- Material for this exercise -
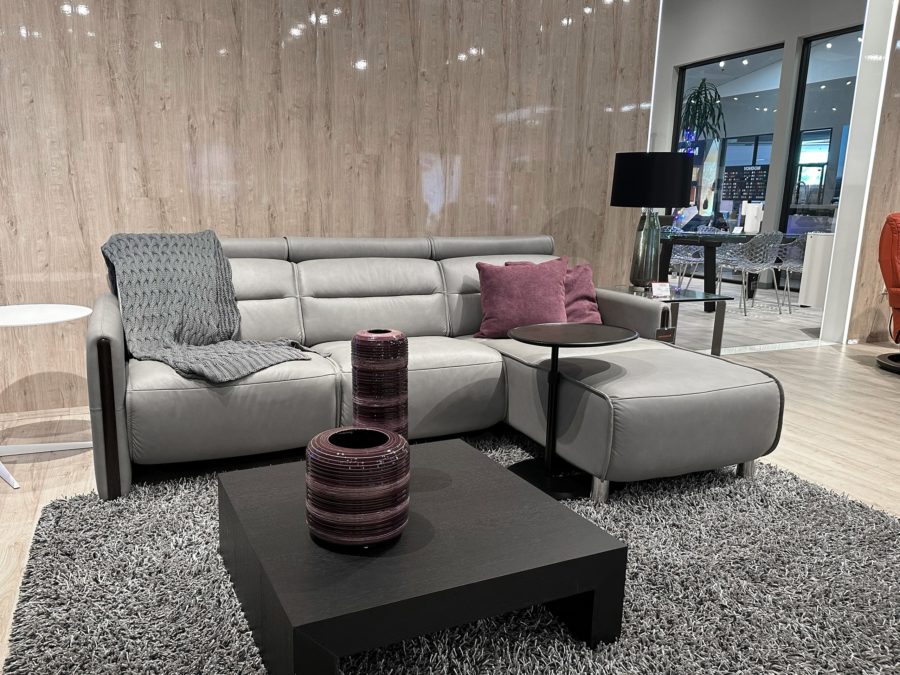 Stressless Emily Power Sofa with Chaise Silver Grey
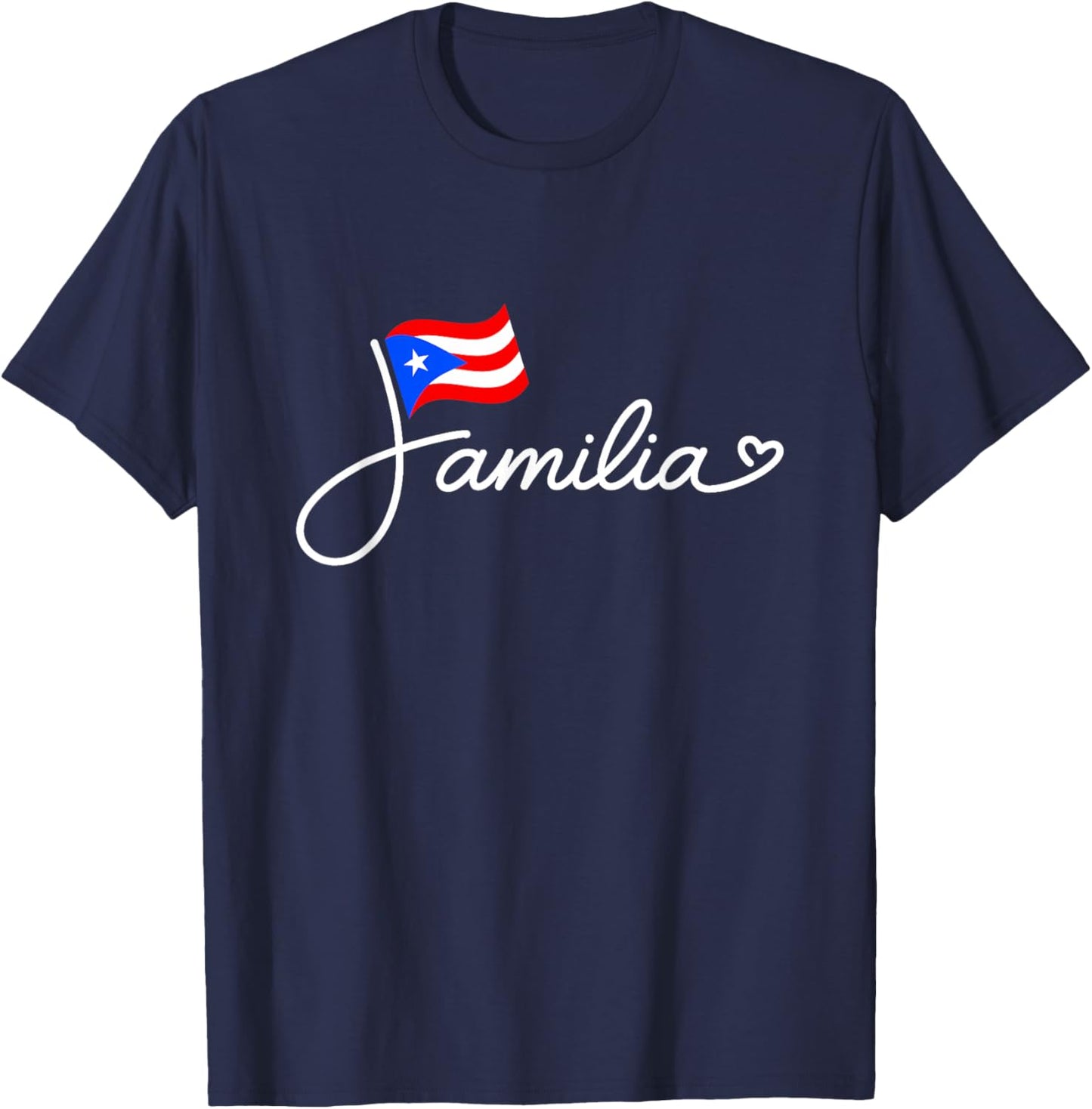 Puerto Rico Familia - Puerto Rican Flag Family Word Art T-Shirt - T-Shirt | Navy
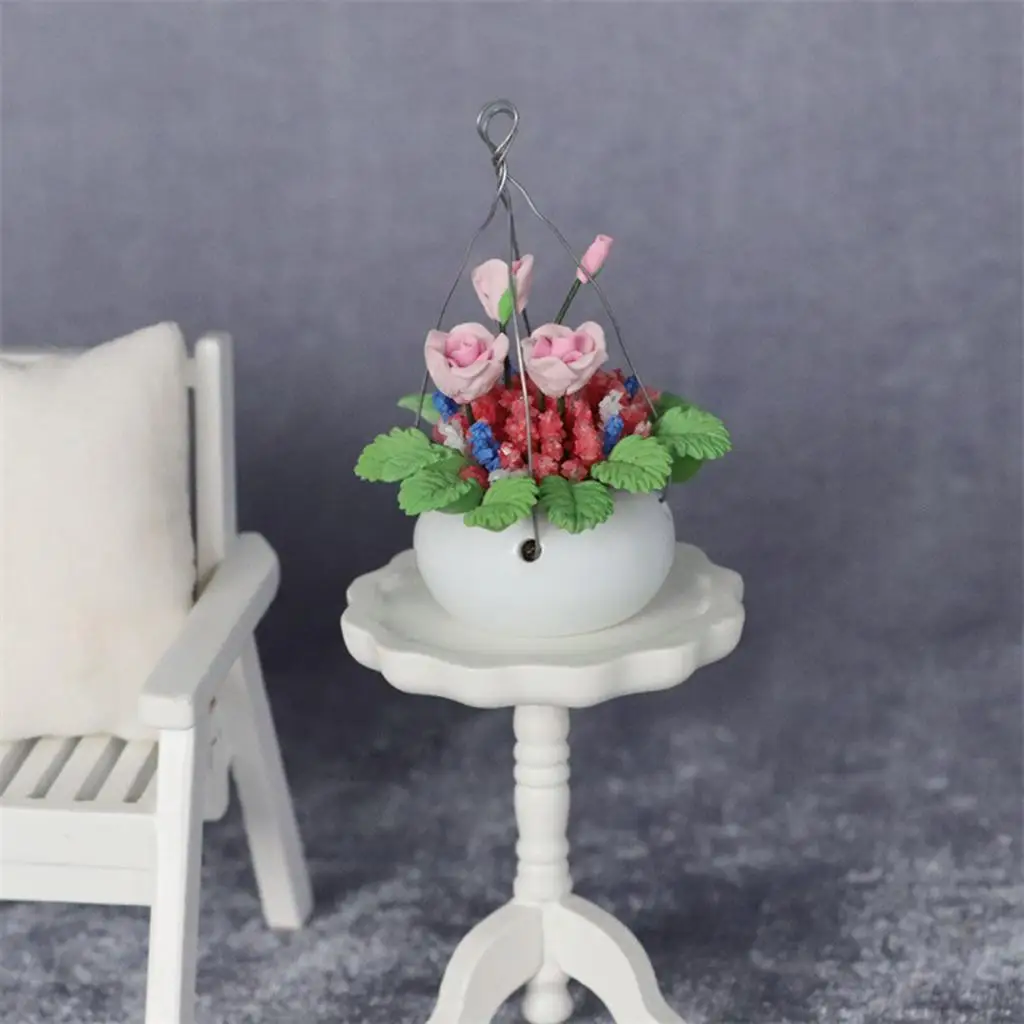 1:12 Dollhouse Miniature Potted Plant Hanging Basket Flower Simulation Rose Green Plant Model Toys Doll House Decor Accessories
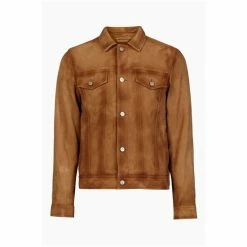 All Saints AllSaints Denton Brown Trucker Jacket -AllSaints shop unnamed file 1383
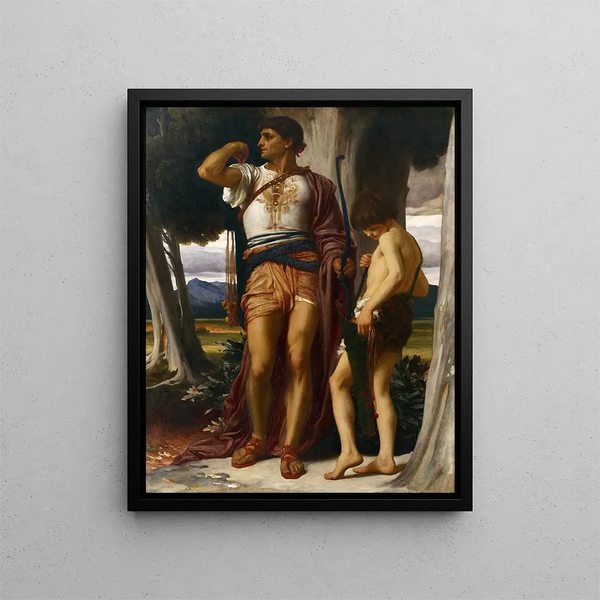 The Sign of Jonathan to David - Frederic Leighton — framed artwork on a wall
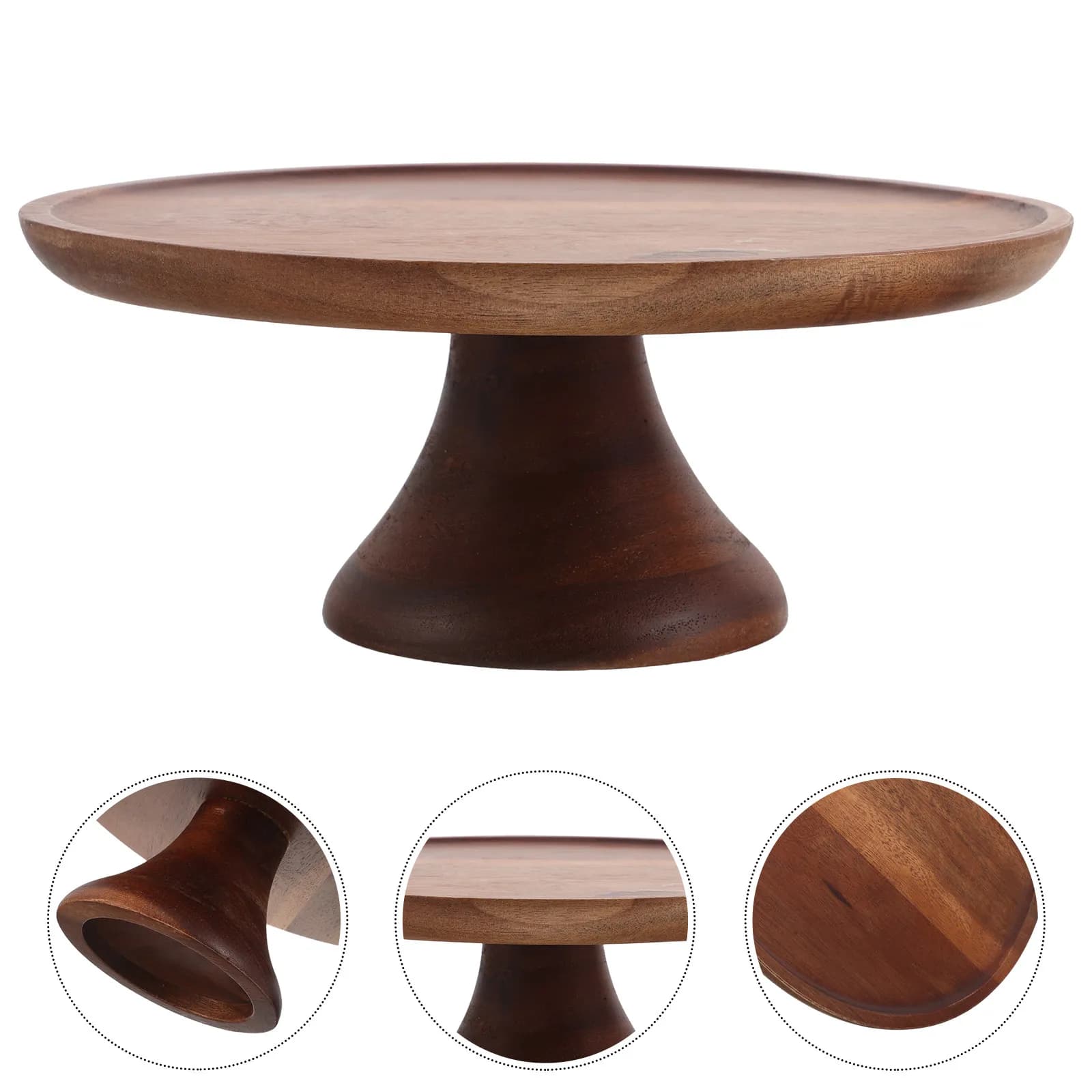 Piatto Rotondo in Legno Massello di Acacia con Piedini, Vassoio per Frutta, Supporto per Cupcake, Piatto per Snack Secchi, Elegante Centrotavola per Cucina e Casa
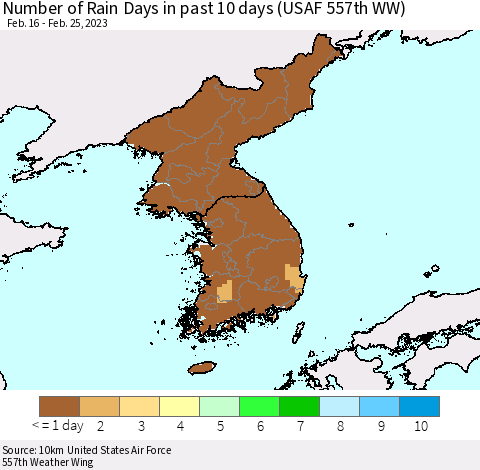 Korea Number of Rain Days in past 10 days (USAF 557th WW) Thematic Map For 2/21/2023 - 2/25/2023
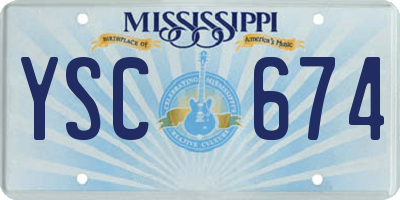 MS license plate YSC674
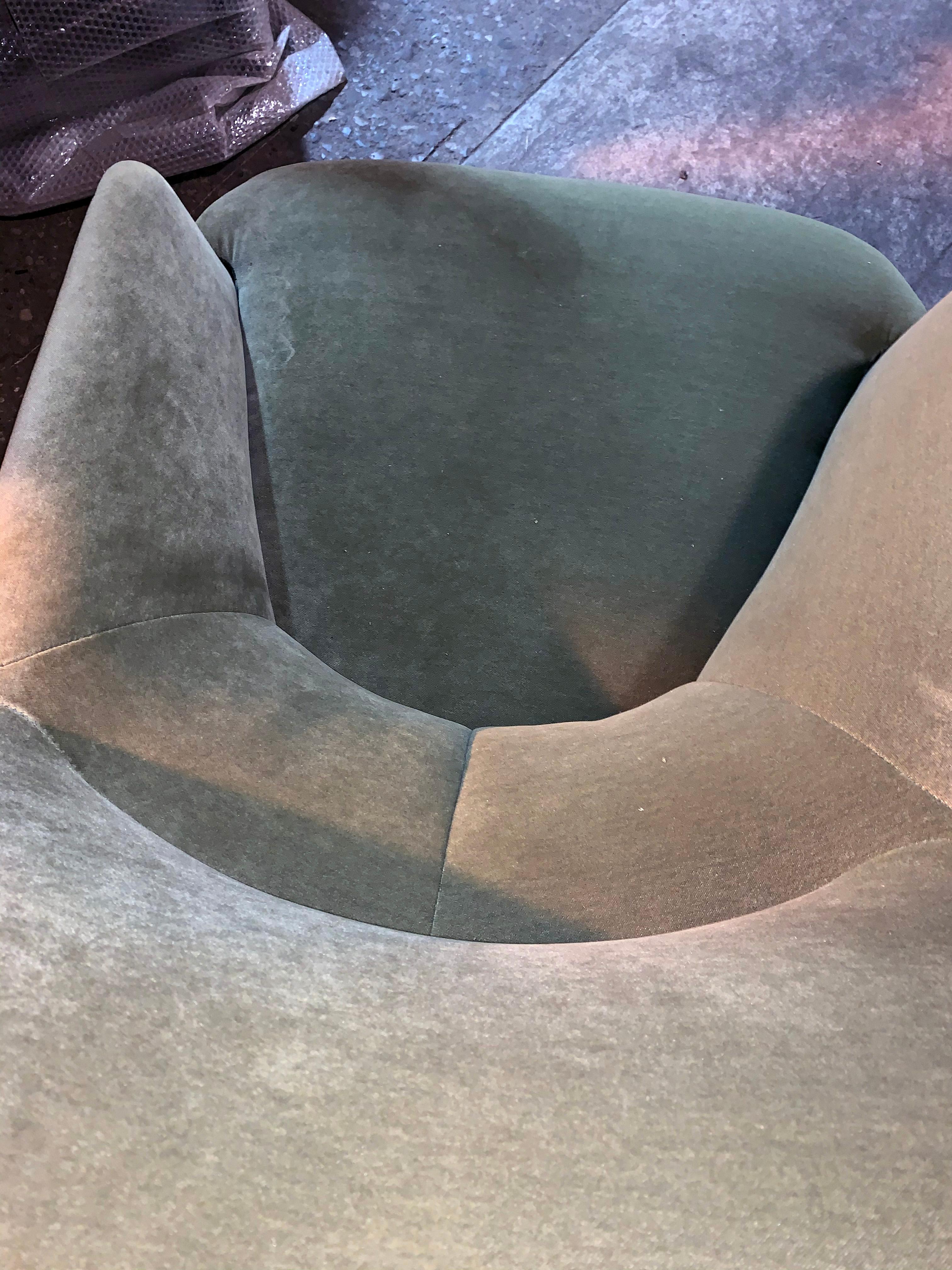 Wittmann Mono Green Velvet Lounge Armchair designed by Marco Dessi in STOCK 5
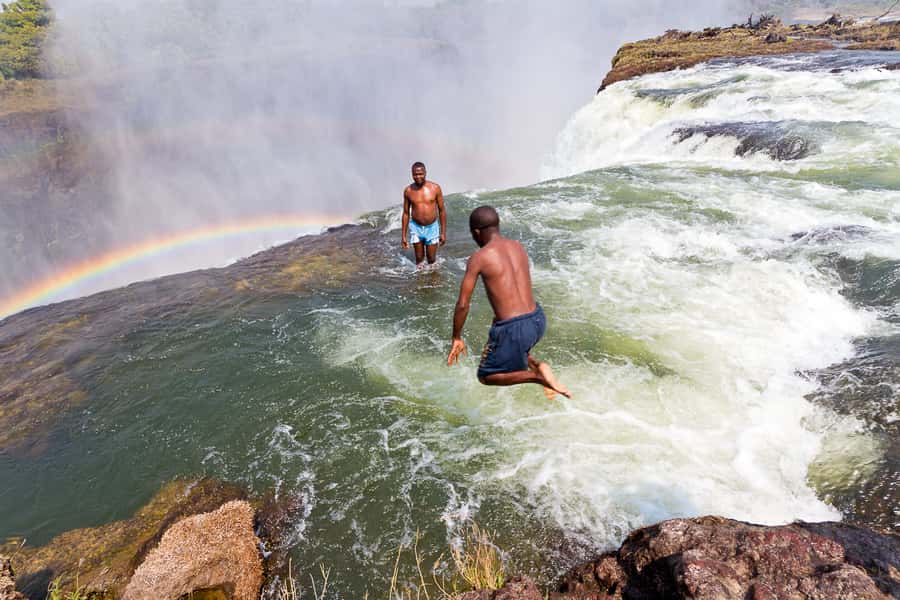 From Victoria Falls: Livingstone Island Tour & Devils Pool - Rainbow Falls, the Horseshoe, and the Main Falls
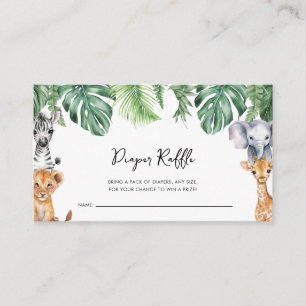 Little Wild One Safari Baby shower Luier Raffle Informatiekaartje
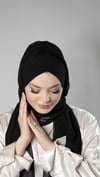 Siyah Pratik Hazır Geçmeli Bone Şal Şifon Kendinden Boneli Tek Bantlı - Hürrem Bone 1453_01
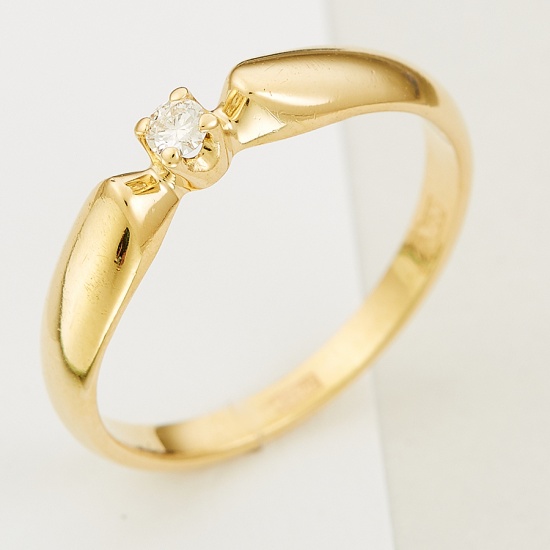 Кольцо из желтого золота 750 пробы c 1 бриллиантом, Л24125747 за 10760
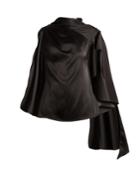 Osman Adena Satin Draped Scarf Top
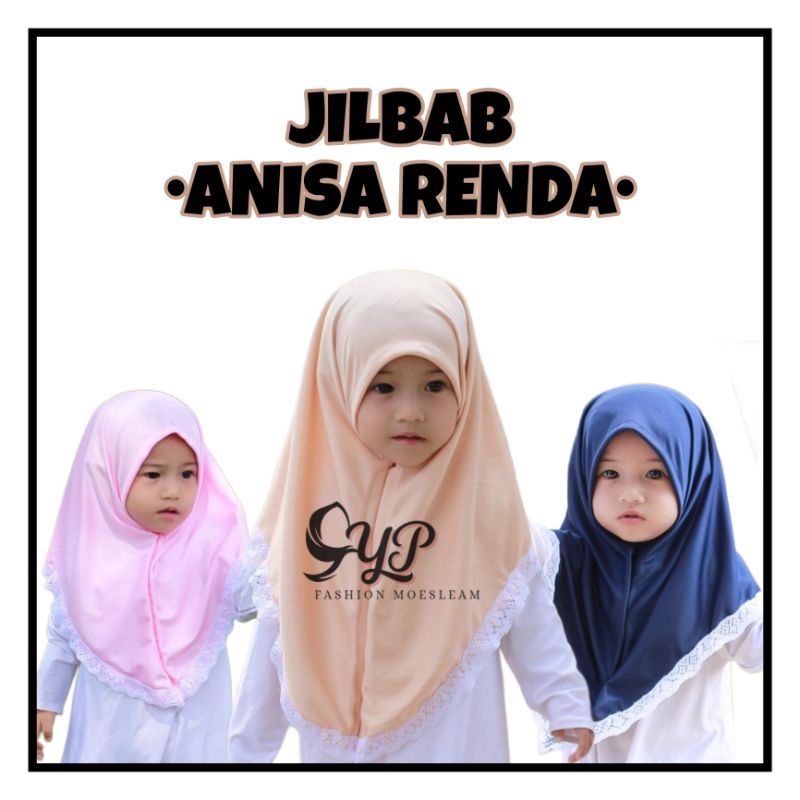 Jilbab Anak Bayi Anisa Renda Usia 0-3 th all size Premium/Hijab baby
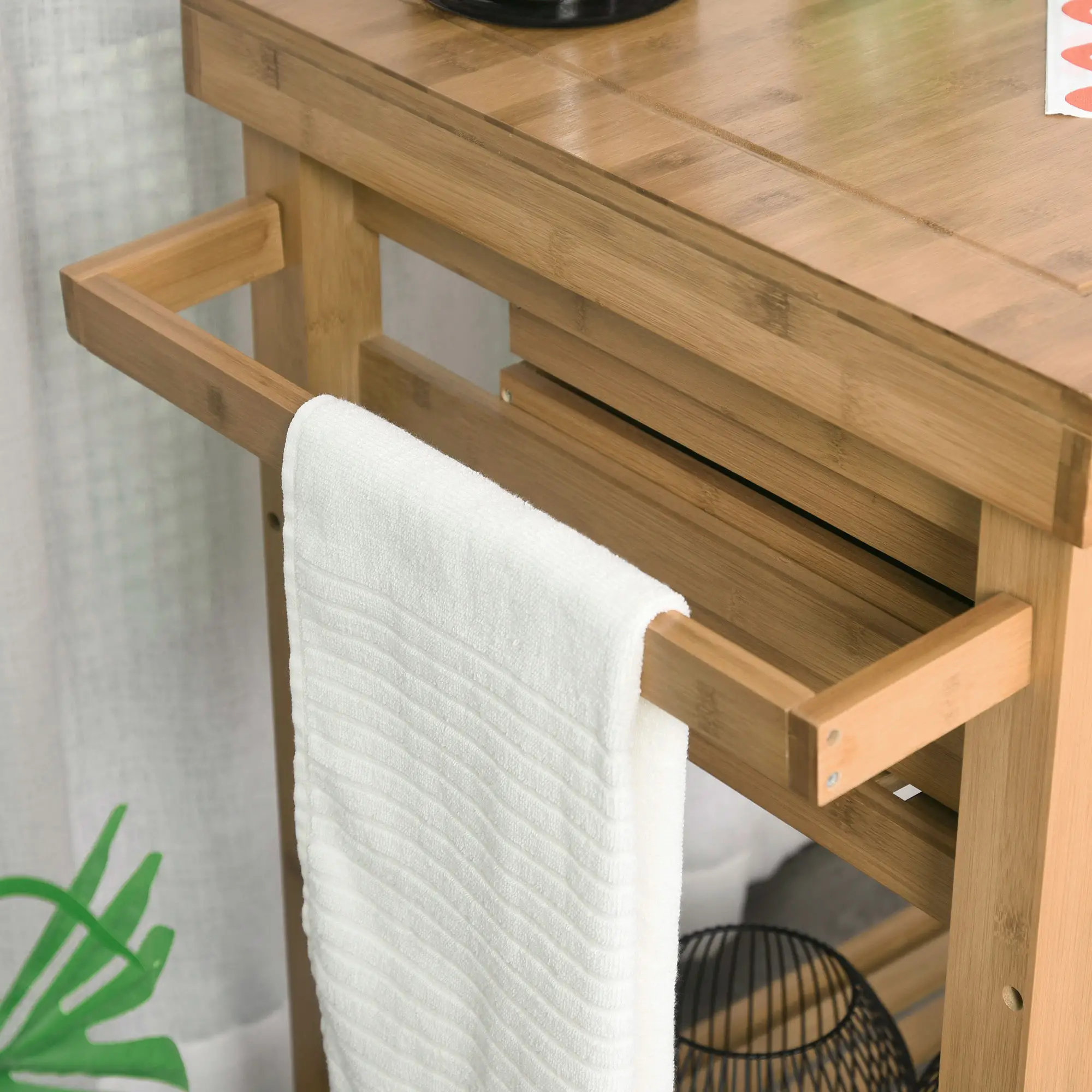 Bamboo Rolling Kitchen Island, Drawers, Shelves - Image 10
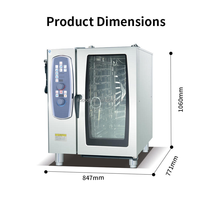 Four combiné commercial, four à vapeur et à convection, four électrique multifonction pour boulangerie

- About this exercise -
Apart from the images, every line above needs to be printed again exactly.

- Result -
 Stressless Emily Power Sofa with Chaise Silver Grey
 Puerto Rico Familia - Puerto Rican Flag Family Word Art T-Shirt - T-Shirt | Navy
 1:12 Dollhouse Miniature Potted Plant Hanging Basket Flower Simulation Rose Green Plant Model Toys Doll House Decor Accessories
 All Saints AllSaints Denton Brown Trucker Jacket -AllSaints shop unnamed file 1383
 The Sign of Jonathan to David - Frederic Leighton — framed artwork on a wall
 Piatto Rotondo in Legno Massello di Acacia con Piedini, Vassoio per Frutta, Supporto per Cupcake, Piatto per Snack Secchi, Elegante Centrotavola per Cucina e Casa
 Korea Number of Rain Days in past 10 days (USAF 557th WW) Thematic Map For 2/21/2023 - 2/25/2023
 MS license plate YSC674
 Wittmann Mono Green Velvet Lounge Armchair designed by Marco Dessi in STOCK 5
 From Victoria Falls: Livingstone Island Tour & Devils Pool - Rainbow Falls, the Horseshoe, and the Main Falls
 Little Wild One Safari Baby shower Luier Raffle Informatiekaartje
 Siyah Pratik Hazır Geçmeli Bone Şal Şifon Kendinden Boneli Tek Bantlı - Hürrem Bone 1453_01
 Кольцо из желтого золота 750 пробы c 1 бриллиантом, Л24125747 за 10760
 Osman Adena Satin Draped Scarf Top
 Jilbab Anak Bayi Anisa Renda Usia 0-3 th all size Premium/Hijab baby
 Bamboo Rolling Kitchen Island, Drawers, Shelves - Image 10
 Four combiné commercial, four à vapeur et à convection, four électrique multifonction pour boulangerie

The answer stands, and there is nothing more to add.